Obviously, Dr Mukherjee is an adherent of the "Adjectives are Your Friends" school of writing. If this kind of tic bothers you, be warned that it really runs rampant in this book. In the general scheme of things, it's a minor detail.

Enough caviling. What has the author accomplished in this book? I think he has written an overly detailed*, partially complete**, suboptimally organized*** account of the evolution of our understanding of cancer and the development of treatment options to counteract it. The result is a very readable account, though I imagine some of the second half of the book may be hard for non-scientists to understand. In general, he seems to get things right, though there are a few lapses -- most notably in his discussion of the use of mustard gas in WWI. I can find no corroboration of his statement that "in a single year it left hundreds of thousands dead in its wake"; one wonders if he may have confused 'casualties' with 'fatalities'. His ability to explain biomedical ideas in terms a layperson can understand seems decent, though not exceptional. I don't think the writing is of a caliber that deserves the Pulitzer prize, but what do I know?

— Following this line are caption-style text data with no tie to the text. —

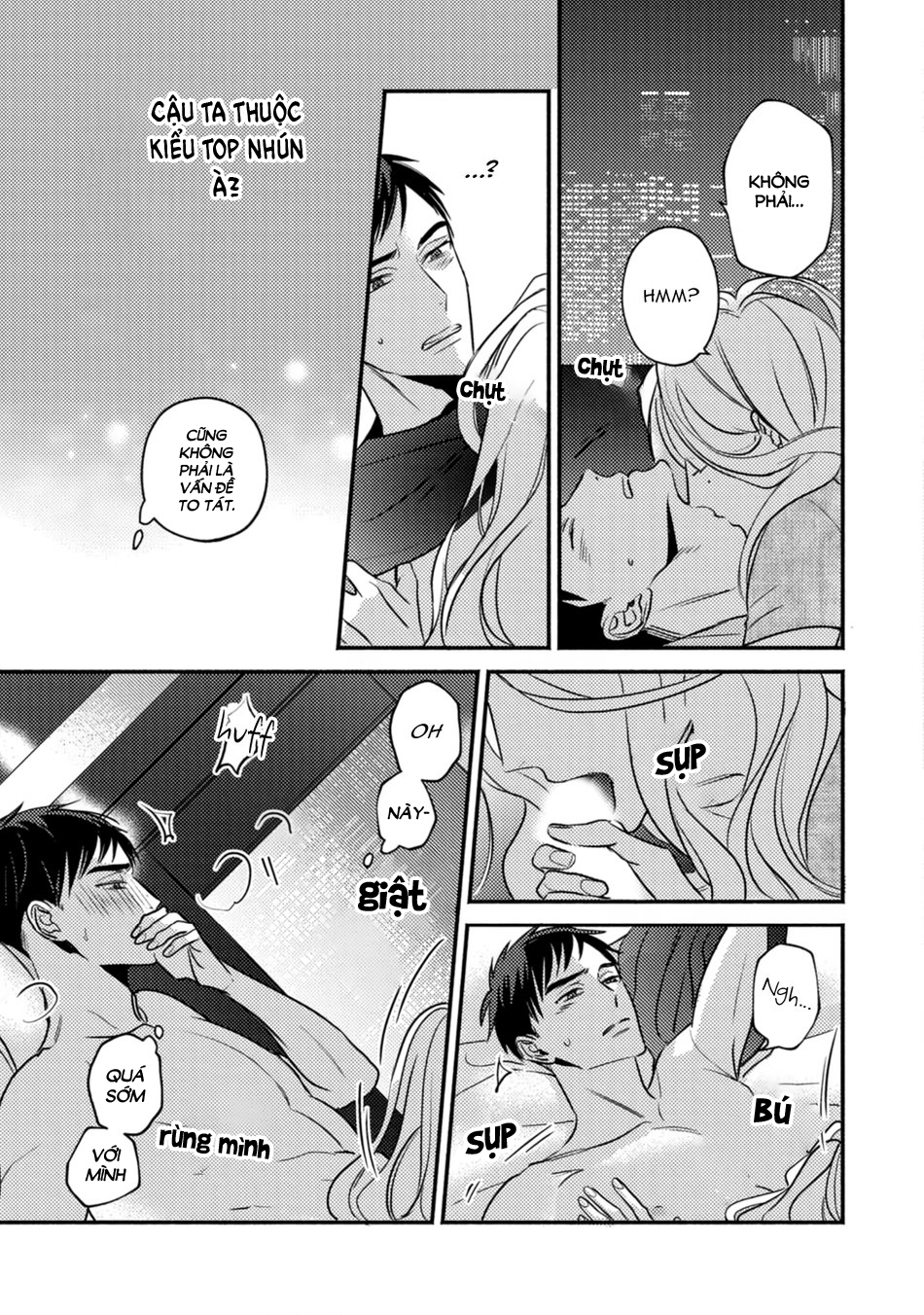 sjuku nichoume love hour chapter 1 23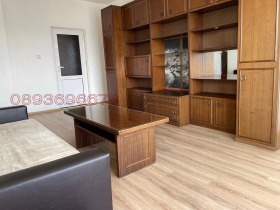 ������� 3-����� | Imot.bg � ����� ������ 7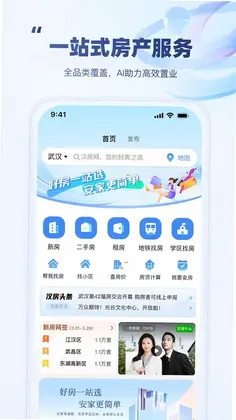 汉房预览图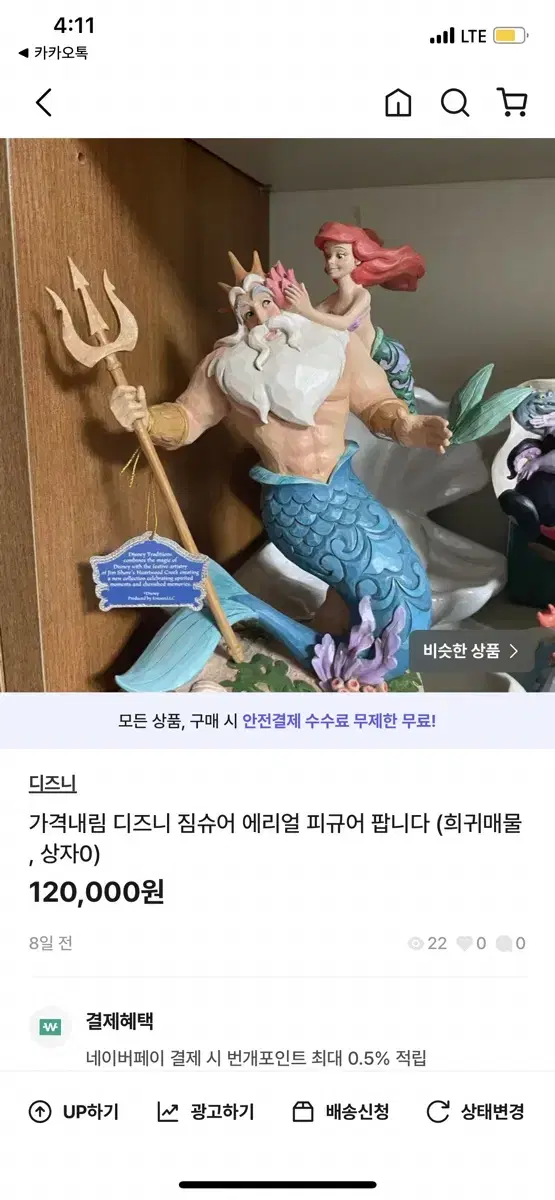 디즈니 짐슈어 에리얼 에리얼아빠 피규어 팝니다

*: "overly detailed" - to give just one example, was it really necessary to devote a page and a half to reviewing Lister's introduction of antiseptics? And in a book which appeared to be focused on diagnostic and therapeutic options, why devote 40 pages to the link between smoking and cancer with the emphasis firmly on the legal and regulatory aspects?
**: eye-glazing detail about kinase inhibitors, but nothing about anti-angiogenesis agents (Avastin was approved around 2003, as I recall, so it's clearly well within the time horizon)
***: a person could get whiplash from all the zipping up and back down the historical timeline, for no obvious reason.


Thank you. Now that I've got that out of my system, I feel much better.